Uses for the Data Structure

When choosing a data structure it can be useful to list the things you expect it to do. At this point, we don’t know many details about how we will do things. But for now we know we want to:

  • Generate a valid maze. There will be multiple ways to generate mazes with different characteristics.

  • Print the layout of the maze to the console. This will probably involve visiting each cell and determining if it is connected to its neighbors with passages or blocked with walls.

Later we will want to:

  • Solve the maze. This will probably involve determining if two arbitrary nodes are connected. But since this isn’t a requirement yet, we won’t add functions for this now. YAGNI.

Ad Hoc

The first data structure that comes to mind is an array of cells, where each cell contains bits to track each of connections to the north, east, south, and west. This works. It is space efficient and discovering if the connection between two cells is a passage or a wall is determined by simply indexing the array and looking at the properties of one of the two cells. When generating the maze, you must take care that the connections between adjacent cells remain in sync. That is, if cell t says there is a passage to cell u, then cell u must say that there is a passage to cell t. This data structure is redundant in that the connection between two adjacent cells is tracked by both cells. And it feels awkward.

A Graph

The mazes we are discussing may be thought of as undirected acyclic graphs. The cells are nodes and the passages between cells are the edges. Any cell may be chosen as the root and the nodes can be labeled with the cell number.
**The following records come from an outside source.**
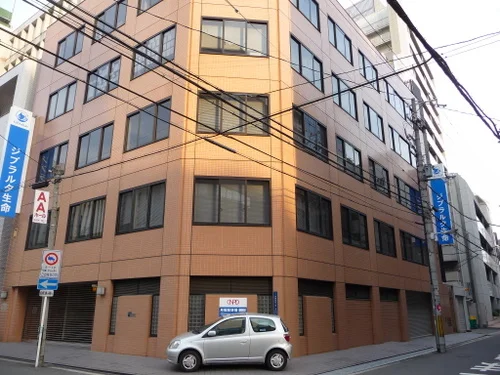 UD御堂筋アネックスビル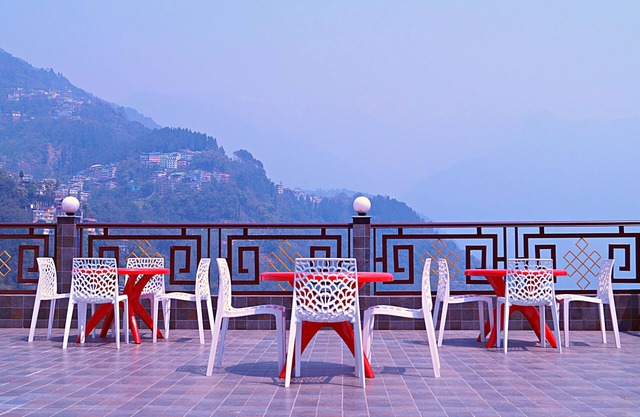 ShriGo Hotel Gangtok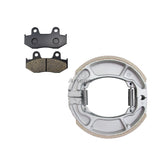 Brake Pads, image 1 of 3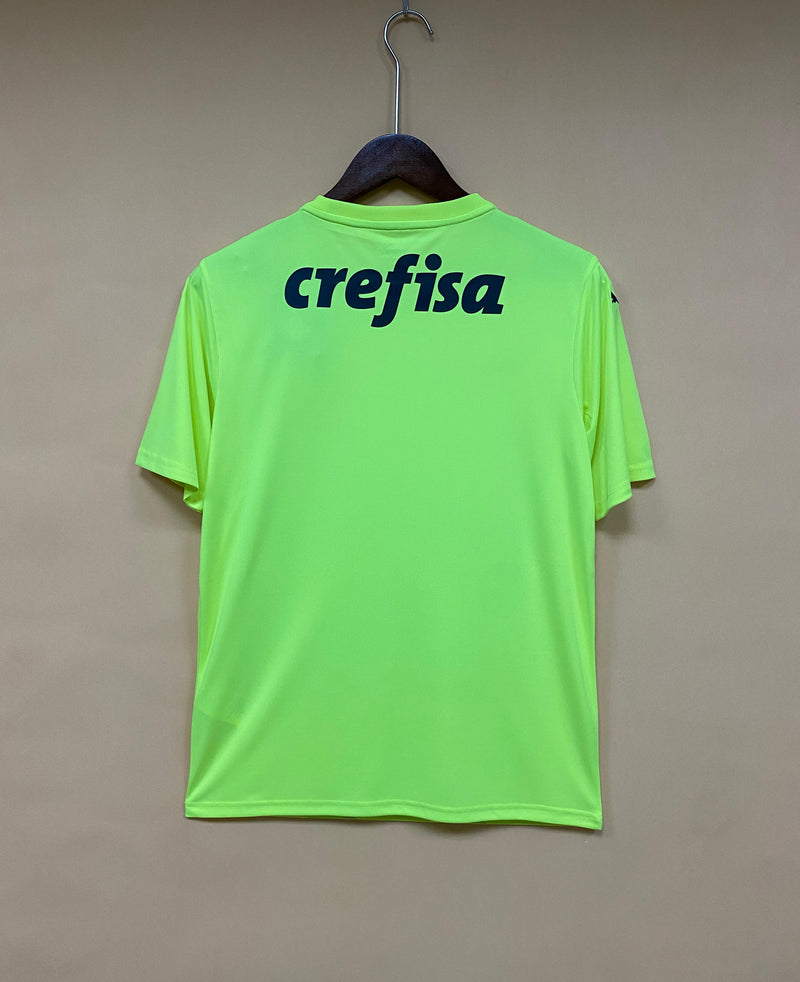 Camisa Goleiro Palmeiras | 22/23 Torcedor Puma - Verde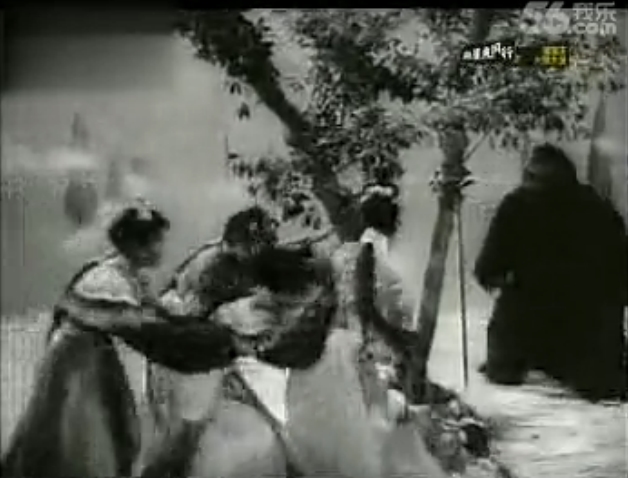 猩猩王大鬧天宮剧照的剧照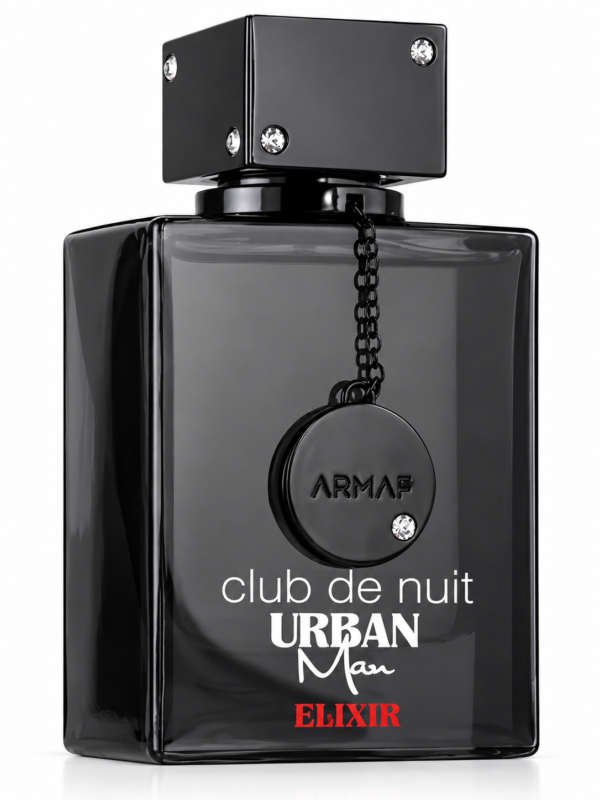 Armaf — Club De Nuit Urban Man Elixir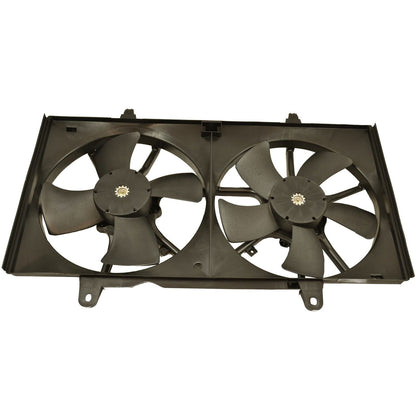 Global Parts Distributors LLC Engine Cooling Fan Assembly 2811500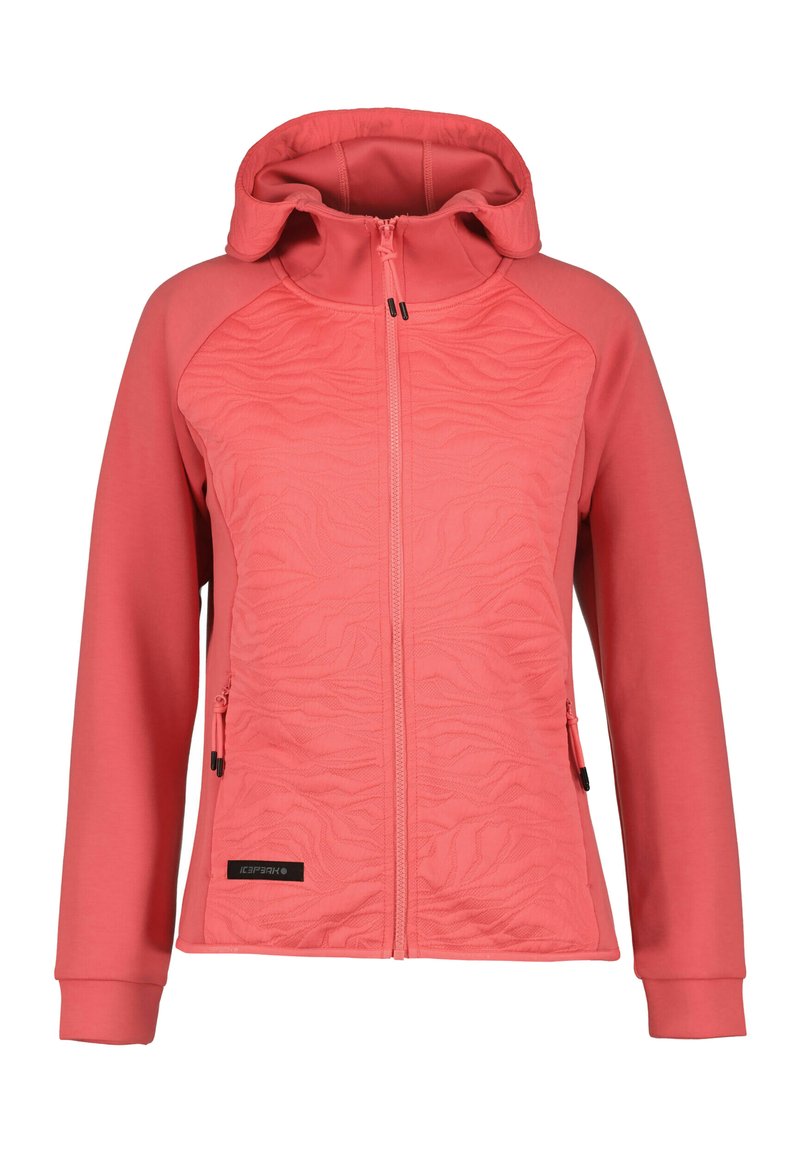 icepeak Windjack oranje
Does this help us? Let’s see. A graph is often represented using an adjacency list or an adjacency matrix.

Adjacency List

In an adjacency list, each node carries a list of those nodes it is connected to. So the main part of our data structure would be a vector of nodes, where each node contains a vector of neighboring nodes. The vector of neighbors will be small: a node can be connected to one, two, or three others. Determining if two nodes t and u are connected requires indexing the vector of nodes to find node t, and then searching its small vector of neighbors for node u. Finding a node’s connected neighbors requires indexing the vector of nodes to find the node then walking the small vector of neighbors. This is not too complicated.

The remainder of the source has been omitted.